Ce n’est plus une escalade, mais un concours de menaces et de gestes belliqueux entre le président américain et le leader nord-coréen, qui pourrait faire tirer un nouveau missile.

Lors du défilé militaire du 15 avril dernier, un camion de la marine nord-coréenne porte le missile balistique lancé par le sous-marin Pukkuksong"
Lors du défilé militaire du 15 avril dernier, un camion de la marine nord-coréenne porte le missile balistique lancé par le sous-marin Pukkuksong" © Reuters / Damir Sagolj

Dans les épisodes précédents de ce qui semble devenu un feuilleton à base d'escalades et de menaces, Pyongyang rêve de construire un missile capable de porter le feu nucléaire sur le continent américain . La Corée du Nord a donc mené deux essais de missiles, rien que depuis le début du mois.

De son coté, le président américain Donald Trump conseille au dirigeant nord-coréen Kim Jong-Un de "bien se tenir" et promet de de "traiter" le "problème" du programme nucléaire nord-coréen alors que son vice-président Pence rend une visite très symbolique à la zone démilitarisée entre les deux Corée et déclare que "toutes les options sont sur la table", y compris l'option militaire.

Nouvel épisode : la Corée du Nord menace de couler un porte-avion américain

Le bâtiment à propulsion nucléaire américain USS Carl Vinson a entamé ce lundi un exercice militaire avec deux contre-torpilleurs japonais et s'approche des eaux entourant la péninsule coréenne. La Corée du Sud a d'ailleurs fait savoir qu'elle souhaitait participer à ces exercices communs.

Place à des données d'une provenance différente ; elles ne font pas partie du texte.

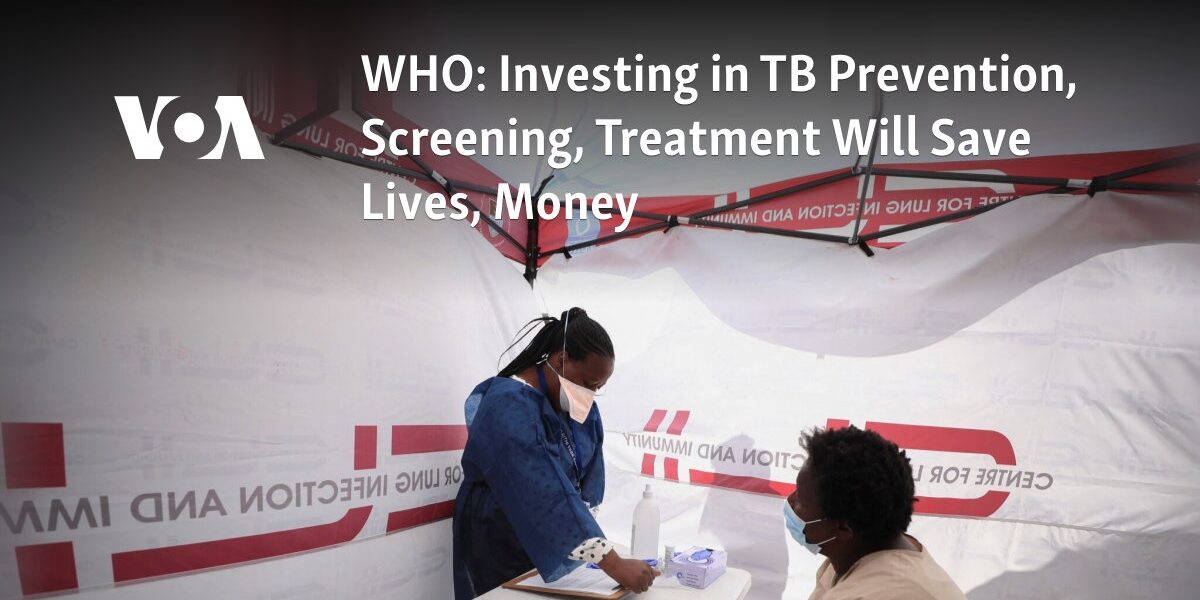 Investing in measures to prevent, screen, and treat tuberculosis can lead to saving both lives and money.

Une démonstration de force, face à laquelle Pyongyang ne pouvait pas rester sans réaction. Alors que les rumeurs sur un possible sixième essai nucléaire nord-coréen se font insistantes, un site officiel nord-coréen a décrit l'arrivée imminente du porte-avion comme "un chantage militaire non déguisé" et a averti les États-Unis qu'ils seraient "rayés de la surface de la Terre" si Washington déclenchait une guerre sur la péninsule.

Pyongyang pourrait par ailleurs mener mardi un nouvel essai nucléaire ou balistique, pour marquer les 85 ans de son armée.

Trump demande de nouvelles sanctions

Le président américain se tourne maintenant vers le Conseil de sécurité de l'ONU. Lors d'une rencontre à la Maison Blanche en présence des ambassadeurs des pays membres du Conseil de sécurité, le président américain a déclaré que "le Conseil de sécurité doit être prêt à imposer de nouvelles sanctions plus fortes" à l'encontre de la Corée du Nord.

La Corée du Nord est un véritable problème mondial et c'est un problème que nous devons enfin résoudre

Donald Trump s'est également entretenu avec la chancelière allemande Angela Merkel. Lors d'un échange téléphonique, les deux dirigeants ont abordé "le défi urgent en termes de sécurité" que représente la Corée du Nord, selon le compte-rendu de la Maison Blanche.

Nouveau signe, du moins symbolique et inhabituel, d'un durcissement de la position de la Maison Blanche sur le sujet : l'ensemble des 100 sénateurs américains ont été conviés mercredi à la Maison Blanche pour une réunion d'information exceptionnelle sur la Corée du Nord, en présence des chefs militaires, du renseignement et de la diplomatie.

Pékin invité à calmer Kim Jong-Un

Xi Jinping, le président chinois et Donald Trump ont à nouveau confronté lundi, par téléphone, leurs positions respectives sur ce qu'il faut désormais appeler la "crise nord-Coréenne". Le président chinois a espéré que "toutes les parties fassent preuve de retenue et s'abstiennent de toute action de nature à aviver les tensions dans la péninsule". Pour Xi Jinping, ce conflit concerne principalement Washington et Pyongyang. Pour Donald Trump, Pékin est le principal soutien économique et diplomatique de la Corée du Nord, et peut donc convaincre Kim Jong-Un de faire baisser la tension.

Donald Trump s'est aussi entretenu, le même jour, avec le Premier ministre japonais Shinzo Abe qui semble apprécier la nouvelle fermeté américaine vis-à-vis de la Corée du Nord.

Et c’est là tout le paradoxe. Car c'est peut-être ce changement total de stratégie vis-à-vis de la Corée du Nord, ce passage d'un "laissez-faire" surveillé aux menaces, de la part d'un président que l'on sait maintenant être parfaitement imprévisible, qui obligera Pyongyang à se calmer enfin.

Pour peu - et c’est là tout le pari - que la Corée du Nord ne dispose pas, comme semblent le penser les États-Unis, de la puissance de feu dont elle menace ses voisins.